Experts Resurrect Caravaggio’s "The Raising of Lazarus" in Rome, Throwing New Light on the Master of Chiaroscuro

Experts Resurrect Caravaggio’s "The Raising of Lazarus" in Rome, Throwing New Light on the Master of Chiaroscuro
Caravaggio's "Resurrection of Lazarus," before and after the restoration
(Courtesy Wikipaintings / Getty Images)

This month, Caravaggio’s painting “The Raising of Lazarus” returns from the dead.

Following an intensive five-month restoration that has transformed the classic painting, the work will be featured in a one-work exhibition at the Palazzo Braschi in Rome. Depicting the miracle in which Jesus resurrects Lazarus in the presence of family members who buried him, the baroque work features the dark, emotional style that made Caravaggio a favorite among ecclesiastical patrons looking to stir up emotion among the faithful during the Counter Reformation. While preserving the painting’s brooding overall tone, by clearing away dust and sediment, restoration experts at Rome's Superior Institute of Conservation and Restoration have, in essence, brought new light to Caravaggio’s trademark shadows.

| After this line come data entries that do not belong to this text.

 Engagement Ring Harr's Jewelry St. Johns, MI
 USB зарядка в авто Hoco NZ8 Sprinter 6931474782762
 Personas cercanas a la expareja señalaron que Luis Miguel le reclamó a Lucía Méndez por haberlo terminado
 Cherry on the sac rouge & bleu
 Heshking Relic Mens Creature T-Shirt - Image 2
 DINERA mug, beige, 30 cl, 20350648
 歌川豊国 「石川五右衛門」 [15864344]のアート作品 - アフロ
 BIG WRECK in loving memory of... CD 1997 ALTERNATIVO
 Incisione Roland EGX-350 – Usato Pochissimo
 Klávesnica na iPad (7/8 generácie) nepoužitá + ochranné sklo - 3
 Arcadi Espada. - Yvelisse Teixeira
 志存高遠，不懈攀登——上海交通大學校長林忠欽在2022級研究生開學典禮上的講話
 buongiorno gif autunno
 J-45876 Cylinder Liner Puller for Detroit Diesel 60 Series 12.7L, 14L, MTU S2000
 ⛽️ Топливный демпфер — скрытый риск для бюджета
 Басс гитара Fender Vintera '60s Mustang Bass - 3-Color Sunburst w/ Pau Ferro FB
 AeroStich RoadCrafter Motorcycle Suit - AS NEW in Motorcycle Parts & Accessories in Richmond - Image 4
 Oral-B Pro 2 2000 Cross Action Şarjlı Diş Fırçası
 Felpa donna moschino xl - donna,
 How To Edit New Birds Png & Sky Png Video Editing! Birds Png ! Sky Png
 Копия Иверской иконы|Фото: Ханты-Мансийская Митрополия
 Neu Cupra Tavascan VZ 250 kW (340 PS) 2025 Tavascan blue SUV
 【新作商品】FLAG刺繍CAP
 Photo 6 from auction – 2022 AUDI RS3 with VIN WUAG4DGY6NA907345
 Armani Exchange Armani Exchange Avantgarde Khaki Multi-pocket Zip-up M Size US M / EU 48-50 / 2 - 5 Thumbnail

The result is a scene only a little more dramatic than the circumstances under which the painting was made. Between 1608 and 1609, while he was painting “The Raising,” the notoriously roguish Caravaggio was living in Sicily, on the run from a military and religious order known as the Knights of Malta for injuring one of their members. This was after fleeing a charge for murdering an Umbrian nobleman in Rome. Pope Paul V had issued a death warrant against him, and he is said to have suffered several attempts on his life in addition to engaging in the scuffles and street brawls for which he was already famous.

Restoration expert Anna Maria Marcone tells La Reppublica that Caravaggio made the “Raising” in a hurried commission for a Genovese merchant. “There was an urgency to finish up,” she said. “Hence the expedient use of dark-pitched tones, revealing the figures with a few light secure strokes, which now appear as shafts of light.”

Additional analysis by chief restorers Carla Zaccheo and Emanuela Ozino Calligaris has given experts a precise index of the materials that Caravaggio used. “In Sicily, Caravaggio uses what he finds: local materials,” Marcone told La Reppublica. “The work effectively gives you a sense of an artist who has arrived at the climax of his technical and expressive abilities.”